The goal of Duquesne's Year 2000 program is that all components and services
that in any material manner contribute to the operational reliability, customer
relations, safety, revenue, regulatory compliance and reputation of Duquesne be
Year 2000 ready.  On June 30, 1999, Duquesne reported to the PUC, the NRC and
the North American Electric Reliability Council (NERC) that all of its mission
critical systems are Year 2000 ready.  Duquesne has defined mission critical as
any system that supports the generation of electricity as well as transmission
and delivery of power to customers.

     Duquesne's Year 2000 program also addresses all of the its business
critical systems, such as billings, processing orders, and various accounting
and business management functions. These systems have been declared ready as of
September 30, 1999. The Year 2000 team has focused on all three aspects of the
issue: computer software and hardware systems used to support day-to-day
operations; embedded microprocessors which are small electronic devices found in
a wide range of equipment and devices (such as plant components, substation
equipment, elevators, and heating and cooling systems); and potential related
issues that may originate with third parties with whom Duquesne does business.
To support the planning, organization and management of its efforts, the team
has retained Year 2000 consultants.

     In general, Duquesne's overall strategy to address the Year 2000 issue is
comprised of four phases that, in some cases, are performed simultaneously.
These phases are inventory, assessment, remediation, and testing and
implementation.

                                       24
<PAGE>

     Inventory consisted of identifying the various components, equipment,
hardware, and software used in Duquesne's operations that may potentially be
faced with Year 2000 issues. The inventory process, completed in 1998, involved
reviewing existing listings and subsequent verification through physical
inspections and walk-downs.

     Assessment, completed in January 1999, consisted of evaluating all
inventoried items for Year 2000 compliance or readiness.  This was accomplished
by contacting the vendors and manufacturers, inspecting software and code,
researching the results of other companies' assessment of like components, and
various other means.

     Remediation, the third step in the process, addressed the activities
necessary to fix or replace those components that have Year 2000 issues that
will adversely affect Duquesne's operations.  Remediation of all mission
critical systems was complete as of June 30, 1999.  Of the more than 100,000
components which were inventoried, fewer than 5,000 displayed any Year 2000
issues, and fewer than 100 required any remediation.  Remediation is in addition
to previously planned improvements to Duquesne's systems with benefits beyond
Year 2000 solutions, such as total system replacements discussed below.

     Testing and implementation, the final step, consists of placing renovated
processes, systems, equipment, and other items into use within Duquesne's
operations.  Testing has been performed on all mission critical and business
critical processes, whether or not remediation activities were involved in the
process.

    Regulatory Review.  Throughout the execution of its Year 2000 plan,
Duquesne has been providing and will continue to provide information on its
activities to regulatory agencies including the PUC, the NRC and the NERC.  In
addition to complying with all regulatory requirements (discussed below),
Duquesne has undergone third party audits of mission critical systems.  These
independent assessments have confirmed that Duquesne's Year 2000 program
appropriately addressed Year 2000 issues related to its systems and equipment.

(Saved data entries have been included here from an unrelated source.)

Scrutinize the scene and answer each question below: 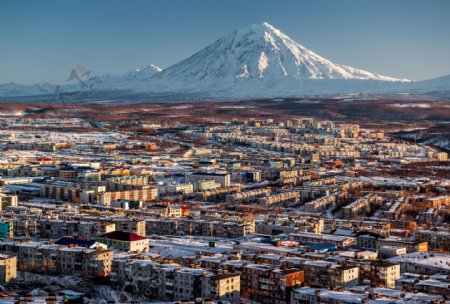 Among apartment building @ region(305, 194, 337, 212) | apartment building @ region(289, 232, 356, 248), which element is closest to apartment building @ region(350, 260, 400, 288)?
apartment building @ region(289, 232, 356, 248)

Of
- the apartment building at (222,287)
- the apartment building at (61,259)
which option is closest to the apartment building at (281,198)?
the apartment building at (61,259)

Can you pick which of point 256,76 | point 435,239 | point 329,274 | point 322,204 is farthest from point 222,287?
point 256,76

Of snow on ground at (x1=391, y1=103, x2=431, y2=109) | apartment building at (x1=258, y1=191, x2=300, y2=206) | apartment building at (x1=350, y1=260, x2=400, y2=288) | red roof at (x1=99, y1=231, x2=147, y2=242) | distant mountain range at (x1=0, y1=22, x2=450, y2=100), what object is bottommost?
apartment building at (x1=258, y1=191, x2=300, y2=206)

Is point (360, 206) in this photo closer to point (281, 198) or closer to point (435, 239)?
point (281, 198)

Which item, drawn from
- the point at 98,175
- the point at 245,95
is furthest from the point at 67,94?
the point at 98,175

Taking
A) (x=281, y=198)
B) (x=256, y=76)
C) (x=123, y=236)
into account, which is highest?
(x=256, y=76)

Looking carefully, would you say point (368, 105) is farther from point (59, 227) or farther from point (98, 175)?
point (59, 227)

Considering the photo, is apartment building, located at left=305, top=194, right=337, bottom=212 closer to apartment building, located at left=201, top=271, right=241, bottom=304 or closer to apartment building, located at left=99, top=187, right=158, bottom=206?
apartment building, located at left=99, top=187, right=158, bottom=206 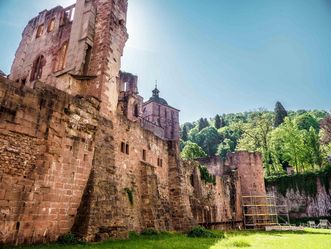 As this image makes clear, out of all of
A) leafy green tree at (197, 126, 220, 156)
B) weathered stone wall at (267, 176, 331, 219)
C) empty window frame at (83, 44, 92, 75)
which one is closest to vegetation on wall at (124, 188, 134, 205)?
empty window frame at (83, 44, 92, 75)

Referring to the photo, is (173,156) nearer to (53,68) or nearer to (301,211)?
(53,68)

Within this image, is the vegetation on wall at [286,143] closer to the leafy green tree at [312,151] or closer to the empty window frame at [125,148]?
the leafy green tree at [312,151]

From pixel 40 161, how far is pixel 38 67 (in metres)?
10.4

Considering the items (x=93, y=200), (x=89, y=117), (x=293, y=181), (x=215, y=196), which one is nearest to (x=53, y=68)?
(x=89, y=117)

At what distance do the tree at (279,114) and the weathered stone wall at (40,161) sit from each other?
71.5 meters

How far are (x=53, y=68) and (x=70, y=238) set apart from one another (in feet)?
34.8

     .  Following eight months of formal proceedings by the PUC during which
        all Pennsylvania utilities, including Duquesne, were required to
        demonstrate that they were ready for the Year 2000, the PUC
        "investigation concludes that the lights will stay on..." (Motion of
        PUC Chairman John M. Quain on Docket No. I-00980076, March 31, 1999)

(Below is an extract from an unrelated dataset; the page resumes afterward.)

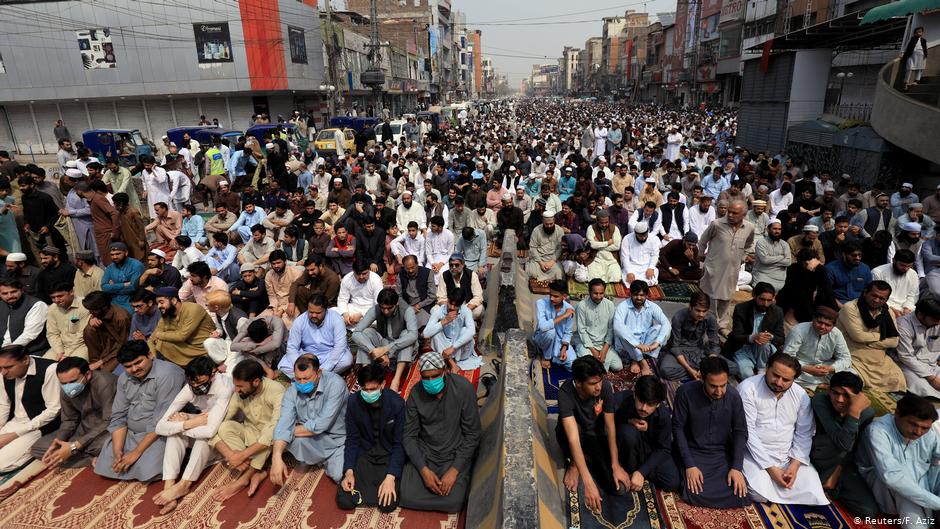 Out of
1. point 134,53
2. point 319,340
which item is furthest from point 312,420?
point 134,53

     .  Duquesne has complied with the NRC's compliance guidelines and has
        verified with the NRC that all systems related to power production,
        safety and security are ready for Year 2000.  In addition, the NRC
        conducted a Year 2000 audit of the nuclear power station safety and
        operations systems in May 1999.

     .  NERC, which coordinates the interconnection of all utilities across the
        country, has been requested by the DOE to conduct a detailed review of
        the national electric power production and delivery infrastructure to
        ensure a reliable power supply during the Year 2000 transition period.
        Duquesne has provided monthly status reports to NERC.  Duquesne's June
        30, 1999, report confirmed the Year 2000 readiness of all its
        generation, transmission, and distribution systems.  In addition,
        Duquesne participated in the industry-wide NERC communication drills,
        conducted on April 9 and September 9, 1999.  All of Duquesne's
        communications exercised in these drills performed as expected.

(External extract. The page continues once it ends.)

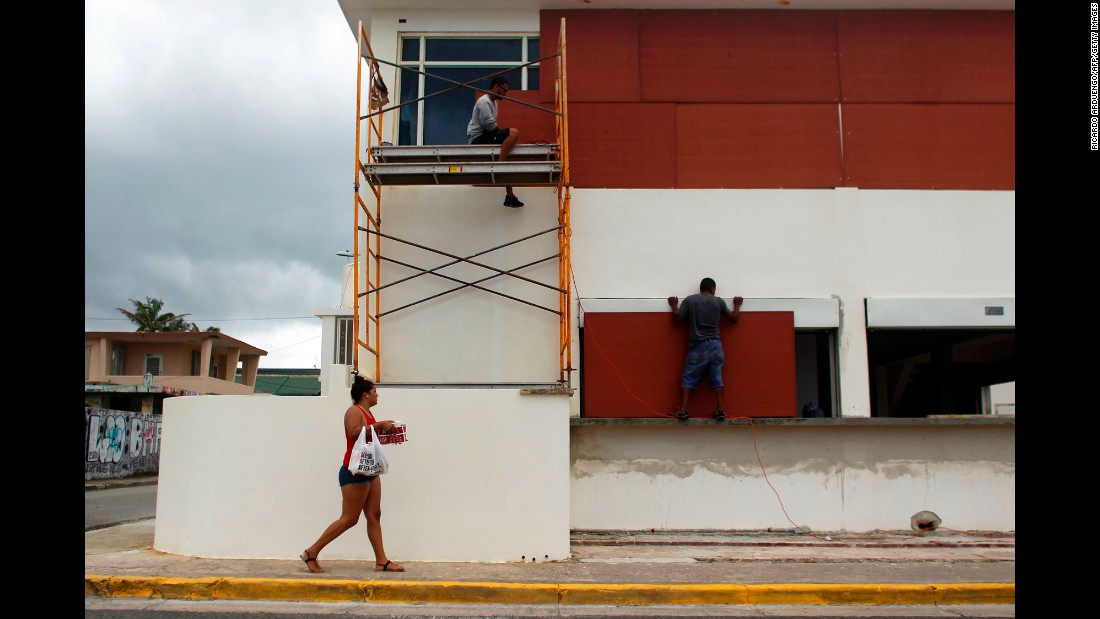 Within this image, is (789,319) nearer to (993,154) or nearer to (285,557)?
(993,154)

     Risks and Contingency Plans.  Duquesne currently believes that
implementation of its plan will minimize the Year 2000 issues relating to its
systems and equipment.  Duquesne understands that many variables outside the
control of Duquesne may have an adverse affect on the ability of Duquesne to
perform its mission critical processes.  Management believes that the most
reasonably likely worst case scenario would be a temporary disruption of service
to customers caused by potential disruptions in the operations of critical
suppliers, such as telecommunications.  In the event such a scenario occurs, it
is not anticipated that Duquesne would incur a material adverse impact on its
financial position or the consolidated results of operations.

                                       25
<PAGE>

     In the normal course of business Duquesne has developed contingency plans
to minimize the risk of interrupted operations.  As part of the Year 2000
program, Duquesne has reviewed these plans in terms of Year 2000 related risks,
and either refined the existing plans or developed new contingency plans for all
mission critical and business critical processes. These contingency plans
incorporate numerous mitigation strategies, such as the most appropriate
allocation of staffing resources, the need for additional equipment and
facilities, and special operating procedures, including manual operations and
use of non-computer dependent back-up equipment and procedures.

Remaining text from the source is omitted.